When I disconnect the negative terminal and put a test light between the battery and cable the light comes on. If I put a dc amp meter it shows 1.19 a being used. If I pull the regulator connector it drops to .20a which I can live with. Purchased a new acdelco VR and it came but it looked used and it still showed the same results. So I decided to try a cheap unit from the parts store and when I hooked that one up I got 4.4amps being used. So I was going to return the AC Delco unit since it looked used and try again. Any other ideas on what's going on?

Thx


----------



## 66tempestGT (Nov 28, 2009)

doesnt the power for the car go through the regulator? the big cable only powers the starter i think.


----------



## louie3888 (Oct 9, 2011)

I just used the negative cable and between the neg battery post to look for the amount of drain on the battery when off, if I pull the VR terminal then the drain goes away. I check everything in the car and pulled fuses and still a 1.19a drain.

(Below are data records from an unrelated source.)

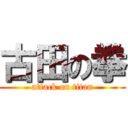 古田の拳 (attack on titan)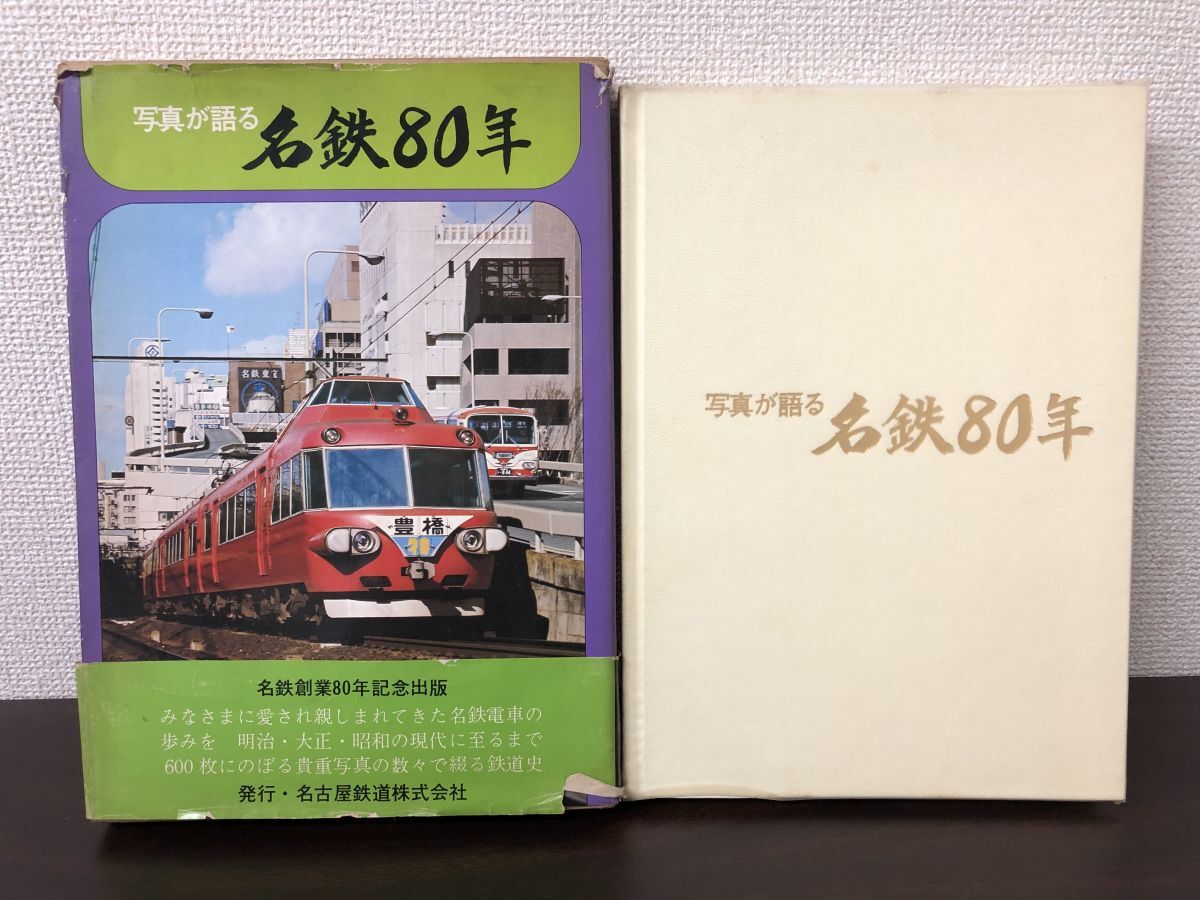 写真が語る 名鉄80年／電車・バスなどの変遷　昭和50年3月発行_画像1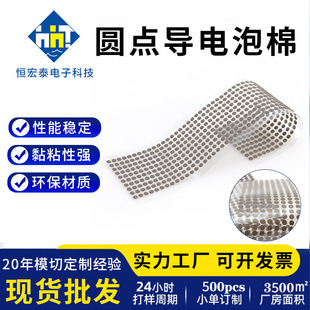 ȫ��λ�A�c���������ճEMI���Ό����늴Ų����o늲��Ϸ��oģ��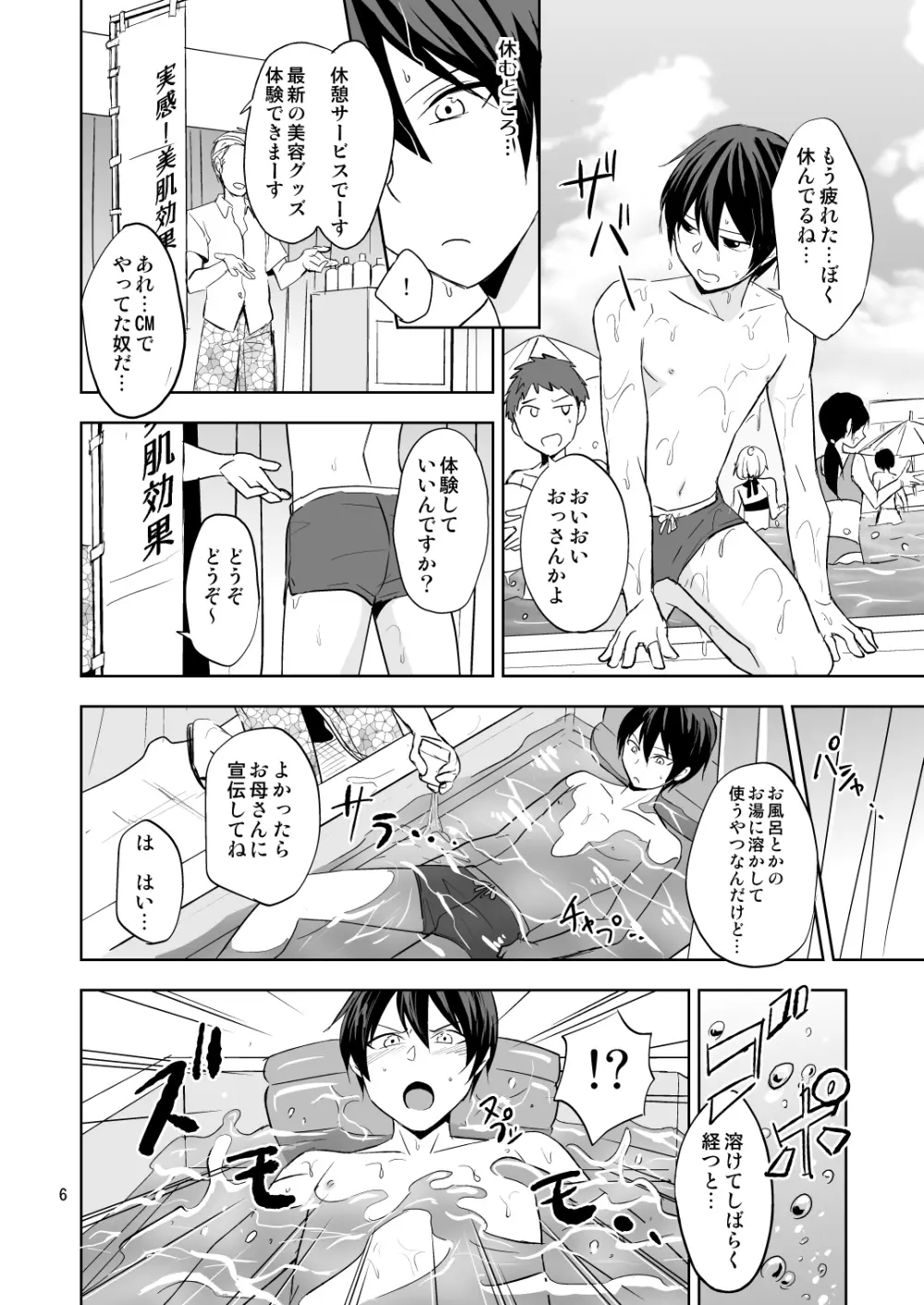 ヌルヌルプール Page.6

If I put a new VR cheap unit I get >4.00a drain on the system.


----------



## pontiac (Mar 6, 2011)

leave VR hooked up and disconnect battery lead on back of alternator, what do you get then? then after you measure that, then hook up battery lead back on and pull the two small wire plug on alternator, what do you measure?


----------



## louie3888 (Oct 9, 2011)

If I disconnect the battery cable from the alternator and then look for drain I then get 0.00 since I guess there is a second 8 gauge ring cable on the alternator that connects further down to a bunch of wires. If I put the battery cable back and pull the terminal wires off from the alternator and look for Drain I still show 1.19a of drain, guess since there is still 12v at the VR on the third terminal down still even after pulling the alternator cables. So I guess it gets feed by another power source as well.


----------



## louie3888 (Oct 9, 2011)

Guess can I try a new VR since the Delco I purchased came used. Out of ideas where the drain is coming from, and with putting a new cheap $20 unit and the showing a result of a 4 amp drain makes it even harder to think that it's somthing still on somewhere.


----------



## Eric Animal (Oct 28, 2007)

Do you have any aftermarket accessories? Such as radio, CD player, etc.


----------



## pontiac (Mar 6, 2011)

bad alternator diodes, VR is fine. Change alternator.


----------



## louie3888 (Oct 9, 2011)

This is the second alternator and today input the new VR and still a 1.19 a draw. Pulled all fuses, check doors, dome light, wiper, radio and still drawing. I guess I can return the Delco alternator back to the dealer, is there a way to check if it's the diode?


----------



## louie3888 (Oct 9, 2011)

Problem fixed. Boy I'm a dumbass! Guess as a new owner you learn the hard way.


----------



## 66tempestGT (Nov 28, 2009)

key turned too far back? dont leave us hanging. glad you got it fixed. :cheers


----------



## louie3888 (Oct 9, 2011)

You are correct. Key was all the way to the left! Picked up on it when I was running a choke wire and testing with a test light and noticed all things where on with key position on off. Well shortly after I realized that was not off position. After I moved the key to the correct area meter read 0.08amps 

Lesson learned.


----------



## buish (Sep 17, 2011)

i think i have the same problem with it draining and my key all the way to the left also. i put it straight up as in the manual and will check again in the morning.


----------